Anna came closer yet, her cheeks glinting. “How about Maria? They won’t hurt Maria?”

“There’s no one left to hurt Maria.”

Openly sobbing now. “Mayrig? Hayrig?”

“Your mother and father will be fine.”

He thought of her family in their beds and wondered at the serenity they might offer her. At her age he hadn’t had much, which meant he’d had nothing to leave behind. As a twelve-year-old, he’d stepped off a truck-stop curb into a dark sedan and blipped off the radar. Back then any gamble was worth the taking. This one had gotten him out of East Baltimore. He’d been to Marrakech and St. Petersburg and Cape Town, and he’d left his mark in blood at every stop. But he’d never had what Anna had waiting for her upstairs. The chill breeze brought with it the realization that he’d devoted his life to preserving for others what he couldn’t have himself.

“The pictures of me,” she said. “They’ll be so ashamed.”
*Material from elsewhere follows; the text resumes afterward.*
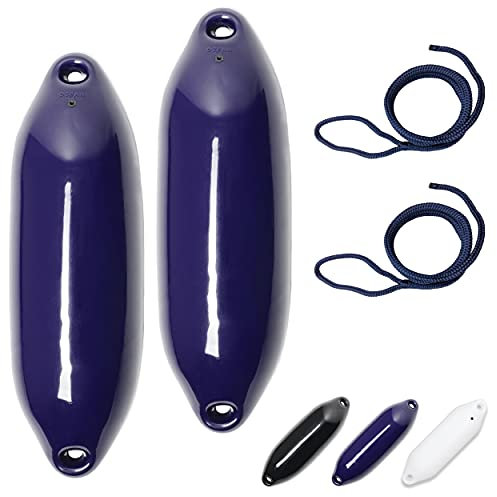 HonuNautic 2er Set Fender incl. Fenderleinen | U-Serie | Farbe: Blau | Größe: Ø 16 x L 56 cm | Boot & Yacht Stegfender, Langfender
Before leaving Hector’s place, Evan had safed the house, finding little more than construction materials, empty beer bottles, a few hefty dumbbells in the garage. Fast-food wrappers layered a mattress thrown on the floor in one of the bare-bones rooms upstairs where Hector was living during the construction. Evan had gone back down to the comms center and dragged the considerable body out of the way. Once the cockpit was clear, he spent a few stomach-churning minutes navigating the databases, clicking through the files of past “eligibles” to locate the matching buyers. Client information was sparse and coded, but he forwarded it on to the local FBI field office. But not before wiping all information about Anna Rezian off the servers.